Copy the data exactly from the line that contains "The Row Women's" through the line that contains "Gray-Green Segmented Curved Silhouette Pants", keeping both end lines and leaving out everything else.

START EXTRACTED DATA

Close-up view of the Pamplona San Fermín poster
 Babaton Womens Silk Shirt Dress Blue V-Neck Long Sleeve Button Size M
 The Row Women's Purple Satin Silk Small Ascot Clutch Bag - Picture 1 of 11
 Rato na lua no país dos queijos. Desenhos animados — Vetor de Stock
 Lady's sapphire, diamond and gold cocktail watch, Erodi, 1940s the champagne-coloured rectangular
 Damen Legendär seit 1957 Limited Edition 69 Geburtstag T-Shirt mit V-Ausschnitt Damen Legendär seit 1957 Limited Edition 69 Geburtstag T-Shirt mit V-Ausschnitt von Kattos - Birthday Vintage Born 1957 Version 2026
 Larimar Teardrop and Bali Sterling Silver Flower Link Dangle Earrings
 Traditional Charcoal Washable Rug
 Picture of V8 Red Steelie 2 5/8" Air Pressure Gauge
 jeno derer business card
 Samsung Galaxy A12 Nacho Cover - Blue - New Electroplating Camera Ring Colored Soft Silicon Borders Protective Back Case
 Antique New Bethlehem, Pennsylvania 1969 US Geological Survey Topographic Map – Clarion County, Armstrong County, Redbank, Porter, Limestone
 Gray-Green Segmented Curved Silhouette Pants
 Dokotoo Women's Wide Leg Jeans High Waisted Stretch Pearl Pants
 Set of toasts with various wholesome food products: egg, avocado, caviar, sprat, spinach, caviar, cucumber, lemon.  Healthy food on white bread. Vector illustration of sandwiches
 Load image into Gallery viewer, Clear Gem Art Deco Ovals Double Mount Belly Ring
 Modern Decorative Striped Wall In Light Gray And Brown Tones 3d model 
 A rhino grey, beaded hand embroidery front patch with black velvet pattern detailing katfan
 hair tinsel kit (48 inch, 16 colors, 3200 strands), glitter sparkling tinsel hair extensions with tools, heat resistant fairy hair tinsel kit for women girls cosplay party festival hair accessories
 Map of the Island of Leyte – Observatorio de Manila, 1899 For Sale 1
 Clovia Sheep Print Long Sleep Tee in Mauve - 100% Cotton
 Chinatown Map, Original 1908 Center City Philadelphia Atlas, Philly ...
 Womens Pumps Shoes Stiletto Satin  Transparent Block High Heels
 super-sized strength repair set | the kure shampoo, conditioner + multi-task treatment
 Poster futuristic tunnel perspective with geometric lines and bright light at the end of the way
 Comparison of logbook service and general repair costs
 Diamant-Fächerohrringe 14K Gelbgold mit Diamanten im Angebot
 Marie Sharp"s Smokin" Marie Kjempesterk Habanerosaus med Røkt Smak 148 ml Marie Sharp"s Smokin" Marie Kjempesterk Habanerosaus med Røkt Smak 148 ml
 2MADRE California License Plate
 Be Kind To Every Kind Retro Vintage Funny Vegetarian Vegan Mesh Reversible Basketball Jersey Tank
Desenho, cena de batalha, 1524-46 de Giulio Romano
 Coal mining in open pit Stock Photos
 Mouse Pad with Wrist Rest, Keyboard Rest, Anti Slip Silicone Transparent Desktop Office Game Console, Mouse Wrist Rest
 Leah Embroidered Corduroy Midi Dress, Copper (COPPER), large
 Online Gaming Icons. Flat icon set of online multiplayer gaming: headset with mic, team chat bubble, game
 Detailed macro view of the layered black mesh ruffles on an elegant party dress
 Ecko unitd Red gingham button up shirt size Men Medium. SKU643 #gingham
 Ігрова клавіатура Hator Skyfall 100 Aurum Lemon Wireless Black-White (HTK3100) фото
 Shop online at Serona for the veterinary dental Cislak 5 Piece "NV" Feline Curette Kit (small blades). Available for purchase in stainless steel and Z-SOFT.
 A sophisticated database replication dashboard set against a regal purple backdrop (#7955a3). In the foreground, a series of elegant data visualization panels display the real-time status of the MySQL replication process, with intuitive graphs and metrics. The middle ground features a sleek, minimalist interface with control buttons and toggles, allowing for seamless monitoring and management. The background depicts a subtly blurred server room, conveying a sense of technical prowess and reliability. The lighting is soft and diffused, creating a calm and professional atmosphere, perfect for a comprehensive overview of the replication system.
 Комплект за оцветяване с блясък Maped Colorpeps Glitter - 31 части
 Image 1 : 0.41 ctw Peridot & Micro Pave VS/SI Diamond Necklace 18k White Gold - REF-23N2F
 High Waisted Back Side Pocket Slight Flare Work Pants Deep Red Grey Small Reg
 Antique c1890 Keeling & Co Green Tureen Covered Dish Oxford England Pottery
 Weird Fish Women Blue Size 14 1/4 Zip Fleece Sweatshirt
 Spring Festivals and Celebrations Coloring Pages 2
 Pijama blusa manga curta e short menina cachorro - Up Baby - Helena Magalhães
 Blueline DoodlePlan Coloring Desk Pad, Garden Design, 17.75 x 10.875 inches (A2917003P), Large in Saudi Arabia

END EXTRACTED DATA

**ANSWER FOR THIS EXERCISE**:
 The Row Women's Purple Satin Silk Small Ascot Clutch Bag - Picture 1 of 11
 Rato na lua no país dos queijos. Desenhos animados — Vetor de Stock
 Lady's sapphire, diamond and gold cocktail watch, Erodi, 1940s the champagne-coloured rectangular
 Damen Legendär seit 1957 Limited Edition 69 Geburtstag T-Shirt mit V-Ausschnitt Damen Legendär seit 1957 Limited Edition 69 Geburtstag T-Shirt mit V-Ausschnitt von Kattos - Birthday Vintage Born 1957 Version 2026
 Larimar Teardrop and Bali Sterling Silver Flower Link Dangle Earrings
 Traditional Charcoal Washable Rug
 Picture of V8 Red Steelie 2 5/8" Air Pressure Gauge
 jeno derer business card
 Samsung Galaxy A12 Nacho Cover - Blue - New Electroplating Camera Ring Colored Soft Silicon Borders Protective Back Case
 Antique New Bethlehem, Pennsylvania 1969 US Geological Survey Topographic Map – Clarion County, Armstrong County, Redbank, Porter, Limestone
 Gray-Green Segmented Curved Silhouette Pants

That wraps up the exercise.